Implementing a custom derive macro to work in conjunction with Serde Serialize

In the rust_xlsxwriter crate I've implemented Serde serialization to Excel worksheets. This works by first setting up a struct's fields as headers within the worksheet and then repeated serialization of struct instances are written below the headers. The scheme is explained here: How serialization works in rust_xlsxwriter.

The headers are obtained by Serde serialization or deserialization so that the headers reflect any Serde "skip" or "rename" container or field attributes.

#[derive(Serialize)]
#[serde(rename_all = "PascalCase")]
struct MyStruct {
    foo: bool,

    #[serde(skip_serializing)]
    bar: u8,

    #[serde(rename = "New name")]
    baz: f64,
}

I'd like to be able create a derived macro trait and attributes to add some additional functionality specific to rust_xlsxwriter. Something like this:

#[derive(Serialize, MyTrait)] // New trait
#[serde(rename_all = "PascalCase")]
struct MyStruct {
    foo: bool,

    #[serde(skip_serializing)]
    bar: u8,

    #[serde(rename = "New name")]
    #[my_crate(num_format = "#.00")] // New
    baz: f64,
}

I can't use #[serde(serialize_with = "")] since I need to pass and store the data and format separately rather than reformat the data. Also serialize_with doesn't support arguments.

I have implemented a proc macro to pass and store the user specified format but there is an issue that my derived trait impl will see the last field in the struct as "baz" whereas a Serde serializer will see it as "New name". This breaks the linkage between the headers for the serialization and the serialized data itself.

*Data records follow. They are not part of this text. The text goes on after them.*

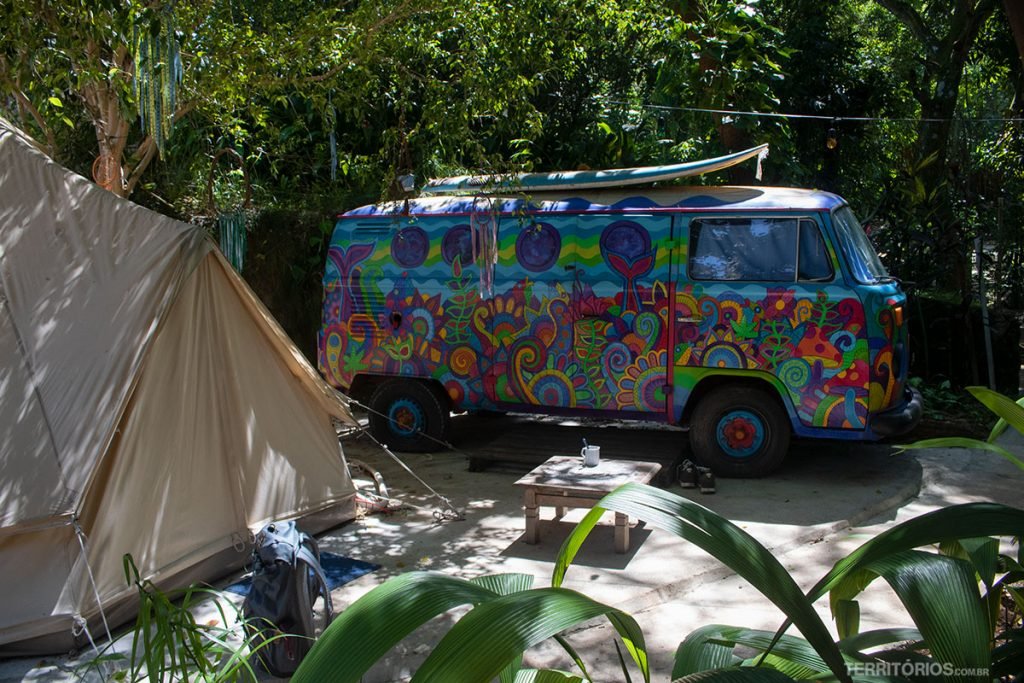Kombi Hippie está ocupada com colchão de casal, ventilador, espelho, baú e aparador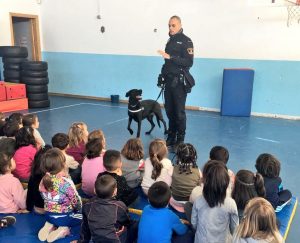 Finalizan los talleres contra el consumo de drogas impartidos por la Unidad Canina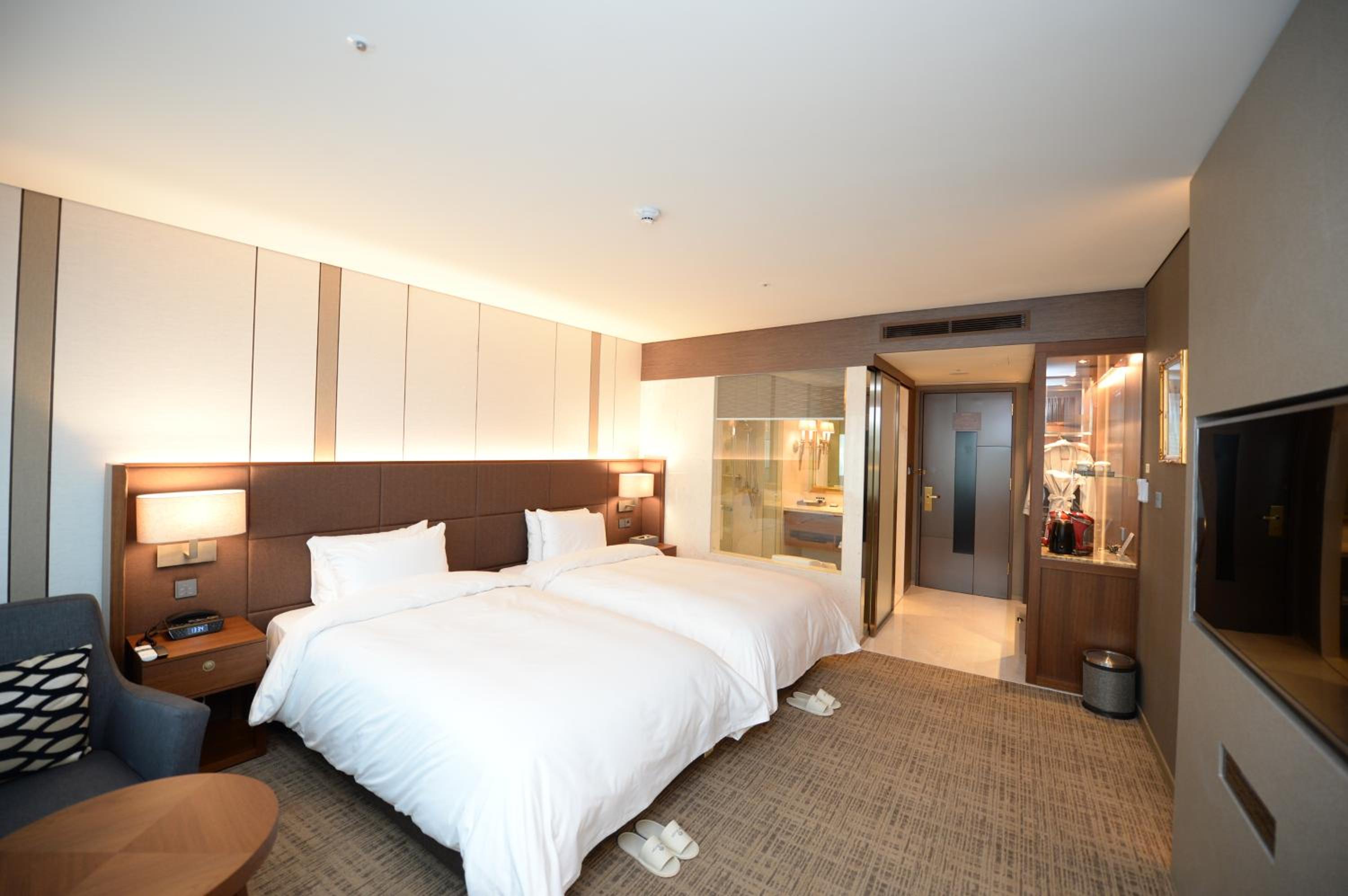Inter Deluxe Twin Room - Photo 6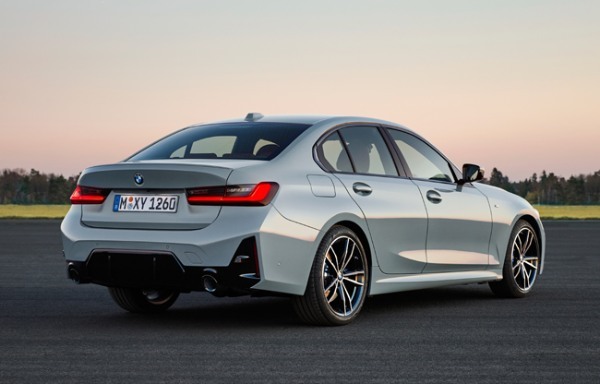 BMW3シリーズが最新のBMWデザイン言語によるアップデートを実施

I can extend the proc macro to read the Serde attributes and mimic the renames and skips but it is likely to be less complete and more fragile than the Serde proc macro that enables Serialize for the struct.

Any suggestions on how I might intermingle the two proc macros to make something more robust, i.e., to reuse the Serde macro(s) as much as possible. I thought of perhaps running the proc macro not on the Struct but on the Serde output for impl Serialize for Struct but I don't know if that is reasonable or practicable.

Does this help?

#[derive(Serialize)]
#[serde(rename_all = "PascalCase")]
struct MyStruct {
    #[serde(rename = "New name")]
    #[serde(serialize_with = "state")]
    baz: f64,
}

#[my_attr(num_format = "#.00")] // used by callers
struct state;
// expand 👇 // used by serialize_with
fn state<S: ::serde::Serializer>(_: &f64, serializer: S) -> Result<S::Ok, S::Error> {
    #[derive(Default)]
    struct Format {num_format: &'static str, others: ()}
    let _state = Format { num_format: "#.00", ..Default::default() };
    todo!()
}

Thanks for the suggestion. That won't work for the required use case because there would be a number of different #[my_crate(something = something_else)] attributes. Also, I think I would still have the issue of passing the data and meta_data around in the serializer.

For context the original feature request is here and my analysis.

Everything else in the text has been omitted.